Lepoittevin’s carte de visite

Eugène Modeste Edmond Lepoittevin (he was born Poidevin, but preferred the more aristocratic-sounding Lepoittevin or Le Poittevin) was a talented French landscape painter, lithographer and caricaturist, a cousin of the writer Guy de Maupassant. He was trained as a painter at the Ecole des Beaux-Arts in Paris by Louis Hersent and Xavier Leprince, and from 1831 onwards exhibited at the Salon des Artistes. He was a regular contributor to The Journal of Painters and to Charles Philpon’s art journal La Caricature.

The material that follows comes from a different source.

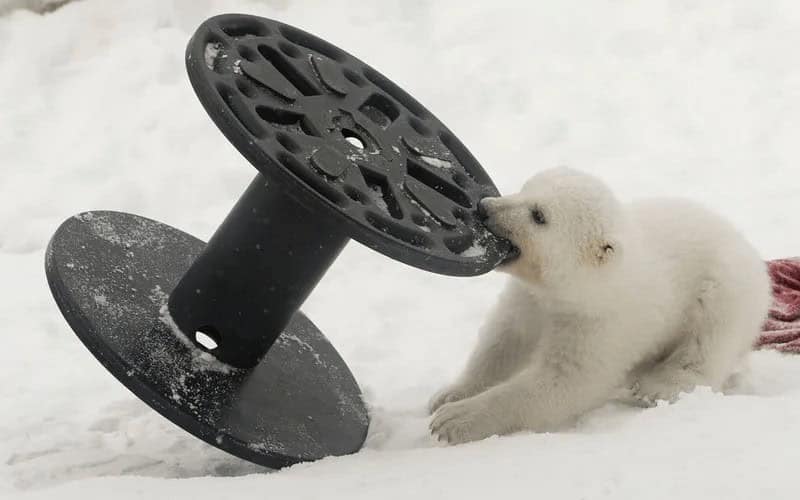 Adorable pictures of baby animals showing a tiny polar bear cub chewing on a large plastic spool in the snow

To polite nineteenth-century art circles he was best known as an accomplished landscape and marine artist. He made many landscape paintings of Étretat in Normandy; the Empress Eugénie de Montijo, wife of Emperor Napoleon III, commissioned his ‘Les bains de mer à Entretat’. In 1849 he was appointed as Peintre de la Marine for the French Ministry of Defence, and painted many seascapes and scenes with harbours and ships.

La bagnade à Etretat, 1840

His work is exhibited in many museums in France, including the Maison de Balzac and the Hôtel de Brienne (home to the Ministry of Defence) in Paris, the Palace of Versailles, the Château de Dieppe, the Musée de la Faïence et des Beaux-Arts in Nevers, the Musée des Beaux-Arts in Nantes, the Musée Magnin in Dijon, the Musée des beaux-arts in Troyes, the Musée des Beaux-Arts in Rouen, the Musée des beaux-arts in Marseille, the Musée des beaux-arts in Chambéry, the Musée Sarret de Grozon in Arbois, and the Musée maritime de l'île Tatihou in Saint-Vaast-la-Hougue. The Victoria and Albert Museum in London also has several of his works.

But Lepoittevin also had another side to him, in which he exploited his skills as an engraver and his fertile imagination to create and develop a genre of sexual fantasy scenes known as ‘diableries’ or ‘devilries’. In an age when the stories of Faust and Mephistopheles were popular, Lepoittevin added his own visuals to the heady mix of sin and sex.